If you are looking for a prototypical American restaurant in this week that started with Independence Day, you could do worse than Gogi. Gogi brings to Maine a trend that began when second-generation Korean hipsters in Los Angeles appropriated the taco trucks that first-generation Mexican immigrants developed to feed the temporary and undocumented immigrants doing day-work in Southern California. That's an only-in-America story right there. Further, Gogi does it in a West End space recently occupied by a French-Canadian resto-bar and a family-run Somali joint, reminding you both of the pleasures of multiculturalism and the risks inherent in the American tradition of entrepreneurialism.
Gogi stands a good chance of surviving these risks. Yes, they are chasing a trend, which is a strategy that is profoundly American. As Tocqueville noted, in the absence of traditional and stable sources of authority, Americans will defer to the tastes of the public opinion, wherever those tastes alight. And the trend Gogi follows is a good one — cheap, quick, and ingenious. The essence of this trend is the Korean taco, and it is the popularity of their tacos that will likely determine Gogi's fate.
The Korean taco, at its best, offers something a little lighter and sour-zingier than its Mexican cousins. For about $3 a pop, Gogi's tacos do the job pretty well. They come in about seven varieties, many of which have a lot in common. Most of the tacos are topped with chopped lettuce and veggies and a brown sauce that offers an ambiguous and intriguing mix of flavors, including ginger and garlic. The portion of meat per taco is not exactly generous, but it is not negligible either.
There is enough pulled pork, for example, to appreciate the way the blend of spices (especially garlic, soy, and sesame) give it a Korean character distinct from Mexican or Southern versions.
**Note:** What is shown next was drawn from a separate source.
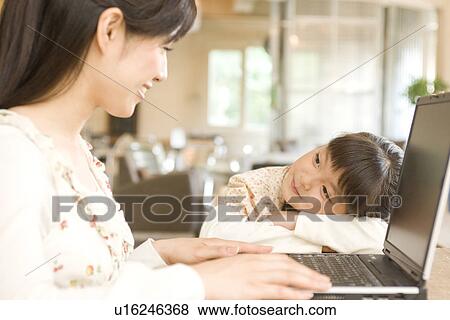 Little girl gazing at her mother using laptop in a cafe View Large Photo Image Stock Photo - Little girl gazing at her mother using laptop in a cafe. Fotosearch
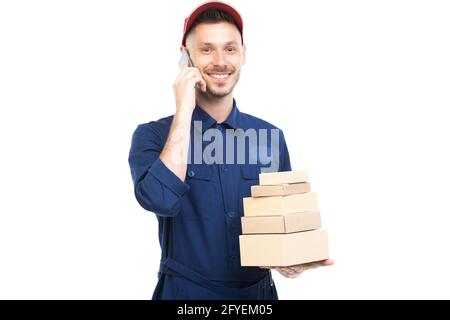 Portrait horizontal moyen d'un jeune adulte élégant de race blanche liveur portant des boîtes de maintien bleu uniforme à l'aide d'un smartphone, fond blanc Banque D'Images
The mix of chopped vegetables on top is mostly dark lettuce, but with a nice cilantro brightness and some crunchy radish, cabbage, onion, and bean sprouts. Perched on a thin layer of cucumber slices is a cool dollop of garlicky brown sauce. The short rib was a bit chewier, in the Korean style, but still plenty tender, with an aroma of five-spice. The shrimp taco seemed less Korean —sweet little Maine shrimp grilled with spices that smelled Cajun. A fish taco was downright familiar — fried pieces of white fish topped with a cool cucumber sauce.
Gogi is using corn tortillas that are not freshly made (the kitchen confirms they're bought pre-made), but are not bad either. The dilemma is that they are doubling them up to help you avoid the mess of disintegrated tacos. But two layers of middling cornmeal is a bit much, so your best strategy is to slide your inner tortilla along, pushing a bitable section beyond the sheath of the outer, eating only the one tortilla with your taco. This wastes a tortilla, it's true. But it also allows you to engage in the American tradition of subsidizing the corn industry, currently reeling from disturbing allegations that its syrup is basically poison, and its ethanol doesn't help the environment much. You can also get your taco wrapped in lettuce — actually a traditional Korean way to serve grilled meat at lunch.